I tried already to play around with some calculations like the one from the Firebase example project (also UIKit) but the results were all the same - the images were all too small. I hope, that someone has an idea.

@eszter Thank you for sharing your solution - much appreciated!

This is how i changed the foreach loop

Image(uiImage: uiimage!).resizable().scaledToFit().overlay(
GeometryReader{ (geometry: GeometryProxy) in
ForEach(self.blocks , id: .self){ (block:VisionTextBlock) in
Rectangle().path(in: block.frame.applying(self.transformMatrix(geometry: geometry, image: self.uiimage!))).stroke(Color.purple, lineWidth: 2.0)
}
}

        )

Instead of passing the x, y, width and height, I am passing the return value from transformMatrix function to the path function.
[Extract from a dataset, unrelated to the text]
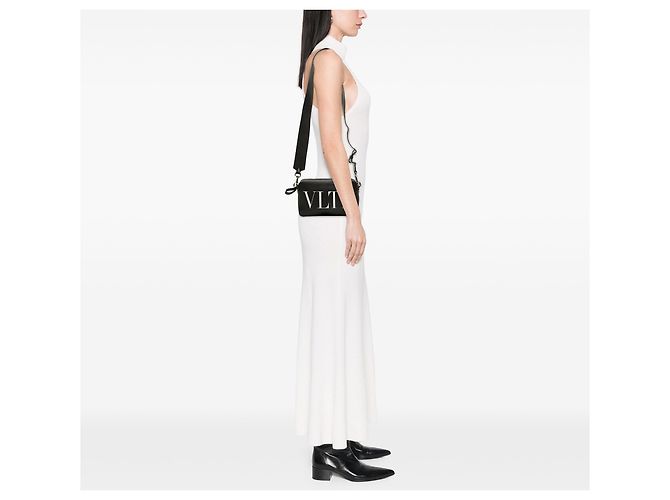 Borsa a tracolla VLTN in pelle nera Valentino Nero - vista 6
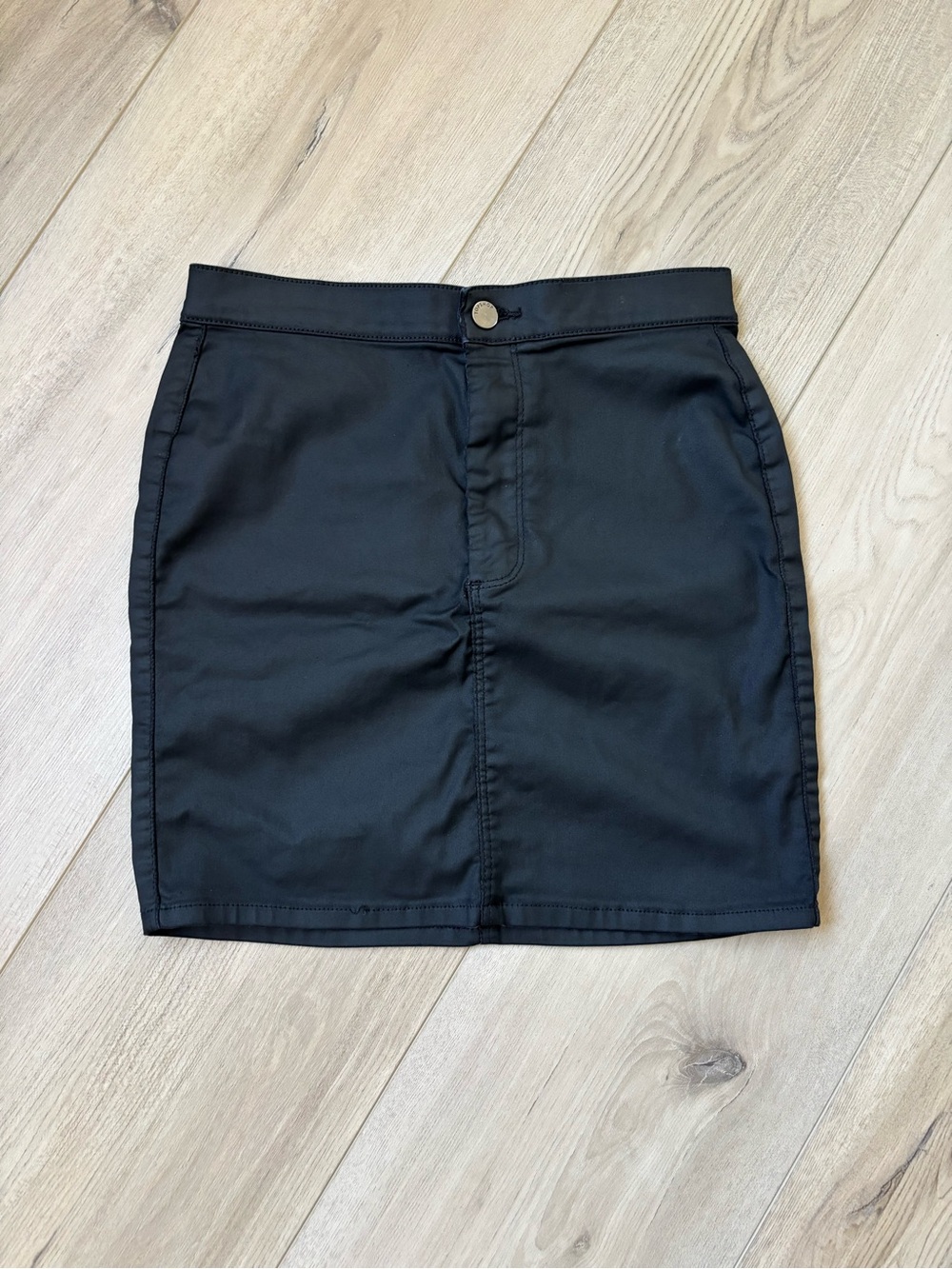 Topshop Black Cotton Blend Mini Skirt with Front Seam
My transformMatrix function is

private func transformMatrix(geometry:GeometryProxy, image:UIImage) -> CGAffineTransform {

  let imageViewWidth = geometry.size.width
  let imageViewHeight = geometry.size.height
  let imageWidth = image.size.width
  let imageHeight = image.size.height

  let imageViewAspectRatio = imageViewWidth / imageViewHeight
  let imageAspectRatio = imageWidth / imageHeight
  let scale = (imageViewAspectRatio > imageAspectRatio) ?
    imageViewHeight / imageHeight :
    imageViewWidth / imageWidth

  // Image view's `contentMode` is `scaleAspectFit`, which scales the image to fit the size of the
  // image view by maintaining the aspect ratio. Multiple by `scale` to get image's original size.
  let scaledImageWidth = imageWidth * scale
  let scaledImageHeight = imageHeight * scale
  let xValue = (imageViewWidth - scaledImageWidth) / CGFloat(2.0)
  let yValue = (imageViewHeight - scaledImageHeight) / CGFloat(2.0)

  var transform = CGAffineTransform.identity.translatedBy(x: xValue, y: yValue)
  transform = transform.scaledBy(x: scale, y: scale)
  return transform
}

}